[CentOS] Boot speed

Tue May 3 16:01:37 UTC 2011
Les Mikesell <lesmikesell at gmail.com>

On 5/3/2011 9:42 AM, m.roth at 5-cent.us wrote:
>
>> If you've got one nic, it'a a pretty sure bet that any detection order
>> is going to call it eth0.  Add a few more and I think you'll change your
>> opinion, especially with that headless situation where all you can do is
>> move wires until ssh works.  That's extra fun when you on the phone and
>> paying by the hour for remote support.
>
> *shrug* I don't have a lot of systems with more than one NIC, but I can
> always do ethtool eth<whatever>  till I see a link detected - that's a
> matter of a minute or two, unless you've got a *lot* of ports.
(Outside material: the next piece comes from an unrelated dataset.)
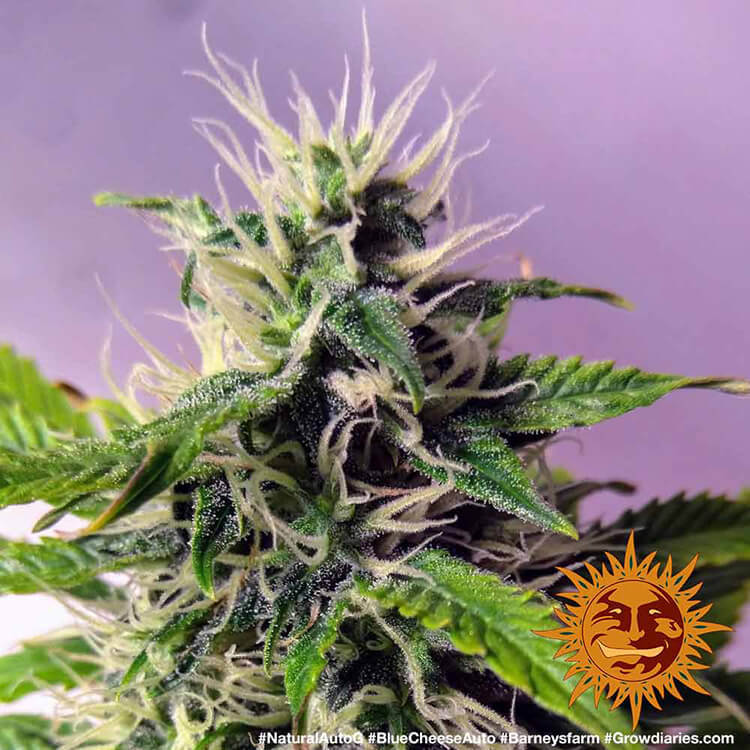 Graines de Blueberry Cheese Auto by Barney's Farm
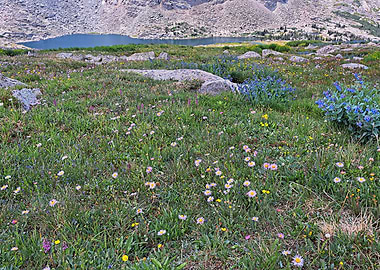 Alpine Wildflower Meadow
We typically have at least 2 active, some with 4 or 5, and the machines 
mostly come with broadcomm NICs on the motherboard which we ignore and 
add Intel server cards.  So there are always 4 to 8 possibilities and 2 
to 5 connected wires with link up and the intel cards have an 
approximately random chance of starting at eth0 or eth2.  We have 
machines at several locations and like to ship preconfigured disks to 
meet them, but it doesn't work very well.  If we only used one OS I 
suppose it would be worth building some specialized infrastructure to 
support it's quirks, but it would be nicer if it just did something 
predictable.  At least most of them go to our larger data centers where 
we have our own operators present to configure the addresses.  These 
machines generally aren't rebooted for many months at a time and are in 
load balanced groups so it doesn't matter how long it takes.